PhD Thesis Title: Tackling tax avoidance and contemporary professionalism: The impact of anti-avoidance tax legislation on the accounting profession.
Supervisors: Dr Gerardine Doyle & Professor Aileen Pierce
External Examiner: Professor Lynne M. Oats, Exeter Business School
Tackling tax avoidance has become a priority for tax authorities. The accounting profession has been subject to significant criticism for its role in the promotion and facilitation of what may be regarded as aggressive tax avoidance. In response to this increasing issue of public concern, tax authorities have sought to tackle tax avoidance through the introduction of general anti-avoidance rules and supplementary provisions. These regulatory changes may be regarded as an attempt by tax authorities to disrupt the existing work practices of the accounting profession.
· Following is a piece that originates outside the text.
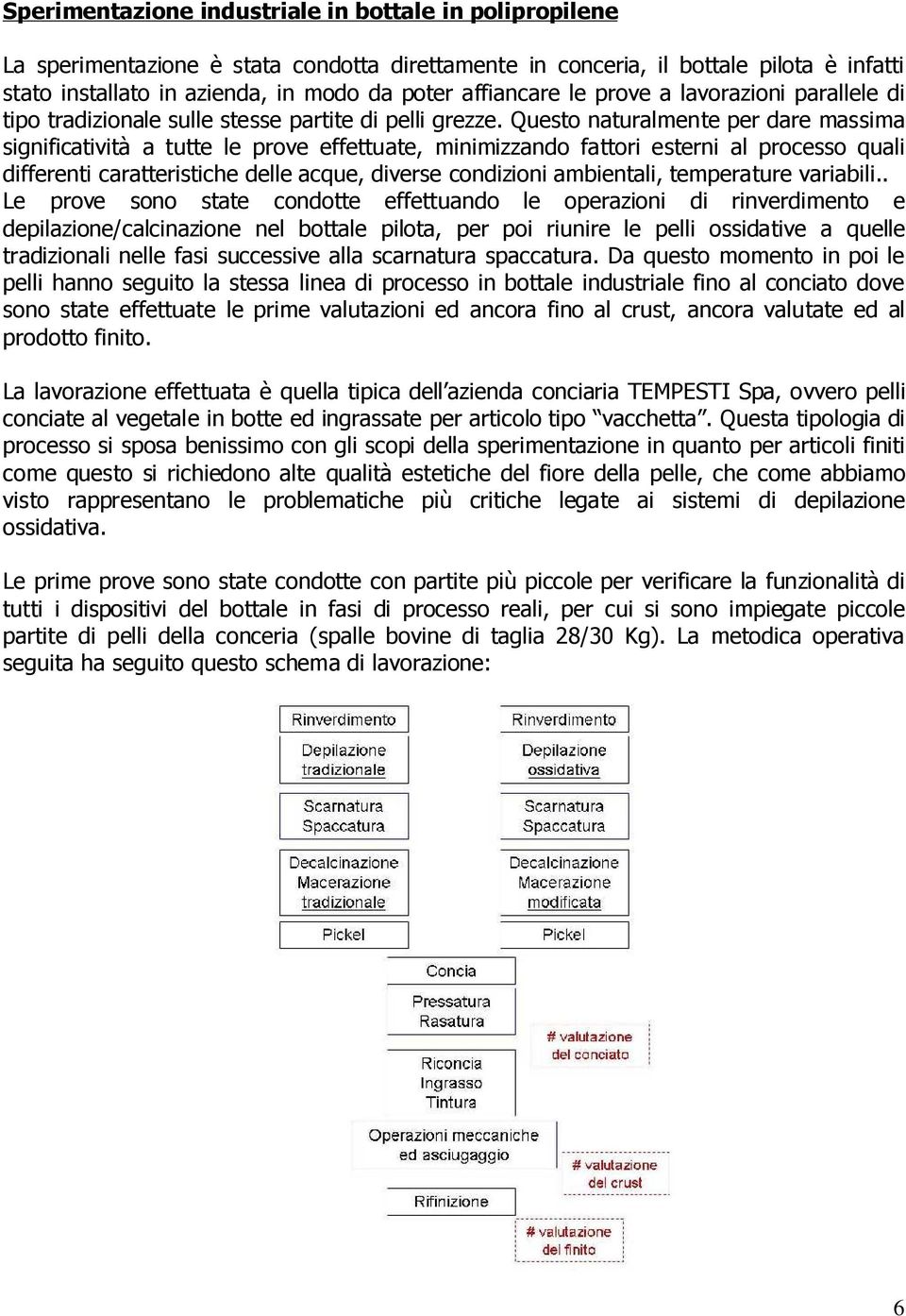 Questo naturalmente per dare massima significatività a tutte le prove effettuate, minimizzando fattori esterni al processo quali differenti caratteristiche delle acque, diverse condizioni ambientali,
In this context, the escalating disruptive work practices are explored, identifying how a tax authority built up layers of disruptive work, at times crossing into categories of traditional creation and maintenance work, in its attempts to tackle aggressive tax avoidance.
These disruptive work practices were represented in changes to the general anti-avoidance tax regime. As a result, the accounting profession was impacted both directly and indirectly, where provisions introduced placed new reporting obligations on tax advisers and on taxpayers. The accounting profession’s response is explored, beginning with defiance (where changes were not aimed at it directly), moving to a combination of defiance and compromise (where it faced new reporting obligations) and finally public acquiescence and private avoidance and defiance (where it faced a Supreme Court decision strengthening the tax authority’s powers). The public and private response of the accounting profession are examined, by analysing public documentary evidence, together with interview and focus group data, enabling an in-depth understanding of the accounting profession’s response to regulatory changes to be explored.
When faced with disruptive work, tax accountants are seen to engage in a range of different
maintenance work practices in an attempt to rebuff changes to their day-to-day work practices and advice given to clients. Once again, the complexity of real life, provides an opportunity to identify institutional work practices crossing traditional categories, with creation work practices identified in tax accountants’ attempts to maintain their status quo.
The influence of clients, and society more generally, on both the response of the accounting profession to changes in the general anti-avoidance tax regime and the resulting impact on work practices is identified throughout the study, with the concept of client-led professionalism emerging from the findings.